In Bangkok last week, as the two-time Major winner prepared for the first round of the Thailand Championship, he explained the self-tutorial plan he has put together for Little John.
He felt obliged to do so a year ago after a Tennessee court sided with Daly's challenge concerning Little John's excessive absences from school, his lack of needed speech therapy and Daly's visitation problems.
Sherrie Daly, his former wife, was ultimately adjudged to be in contempt of court and ordered to spend three days in jail.
Daly claims he hardly saw his son before, but that he has made up time with remarkable fortitude.
“When I was first granted custody before last Christmas, Little John could hardly write or read,” said Daly.
“In just one year I've got him through two grades. He was so far behind because his mother never got him through school.
“He missed 84 days of kindergarten, so they held him back. And then he had already missed 25 days of first grade. I've had to teach him every day and I've given Little John a structure. He knows he has to do it.”
The irony of Daly as a rigid disciplinarian will not be lost on many, although plainly this is a case of “do as I teach, not as I do”.
The sacrifice may be scoffed at when one considers his previous obsessions, but Daly's commitment can't be doubted.
“He needs five to six hours a day and I teach him with the help of Anna (Cladakis, his girlfriend), who has been brilliant,” he said.
“The first grade we did with an online teaching course on computer, but the second we've done the same course through books.
“Little John goes everywhere with me, meaning that in practice rounds I only play nine holes. His education comes first, not my golf.
“So if I have a late first round on a Thursday, I'll get up early and we'll do his studies and, if it's a late tee-off on Friday, vice-versa. It's been a blessing having him, but it does take its toll.
“It's almost a full-time job, Monday through Friday, and then I have to do my day job. But it's been a blessing. Little John used to be really shy, but now he's really beginning to open up. He's doing great.”
Nothing lasts forever, however, and Daly knows that the time will soon come when his boy outgrows his tuition, if not the surreal world around him.
“My aim is to get him ahead of the grades before January 2015,” said Daly.
“I've got five years and then I'd be going to the Senior Tour anyway, which would be a limited schedule.
“I could put him in a school then and not be gone as much. At the moment, though, I can't leave him for more than a week or two.
“It's hard for me and it's even harder for him. We're too used to being with each other.
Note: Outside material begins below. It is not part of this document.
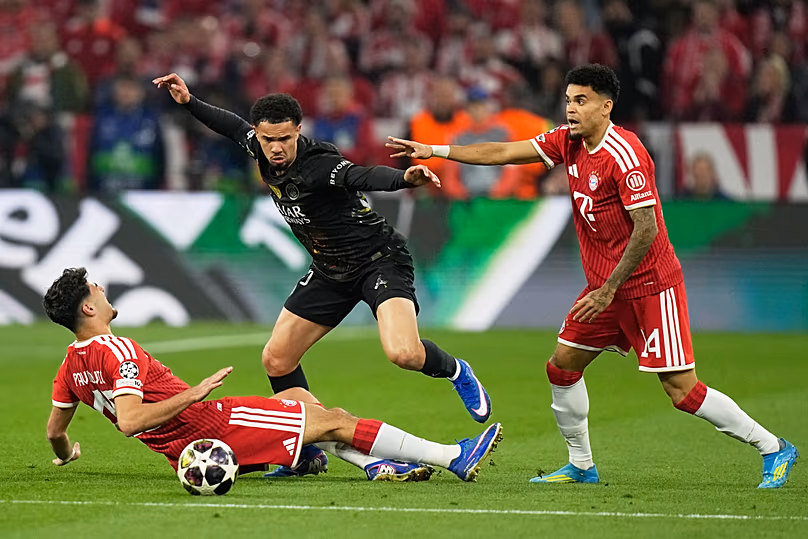 Aleksandar Pavlovic du Bayern, à gauche, et Luis Diaz du Bayern, à droite, défient Warren Zaire-Emery du PSG lors de la demi-finale de la Ligue des Champions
The only time I don't see him is when I'm playing golf.”
Little John will accompany Daly and Cladakis on the European Tour next year.
Daly also revealed that after more than two decades, not to mention $1m of fines, on the PGA Tour, he intends to base himself on the European Tour.
“Yeah, my schedule is going to be based around the European Tour instead of the PGA Tour. It's good for all of us,” he said.
“D'you know, Little John has been around the world twice with me since June? It's been brilliant for his education.
“And the problem with my golf is I get starts in quite a few tournaments in the States, but there's too far a gap between them.
“The only way I can get confidence is if I can play week in, week out, and that's why I'll look to Europe.”
He added: “I have a tough time sitting at home.”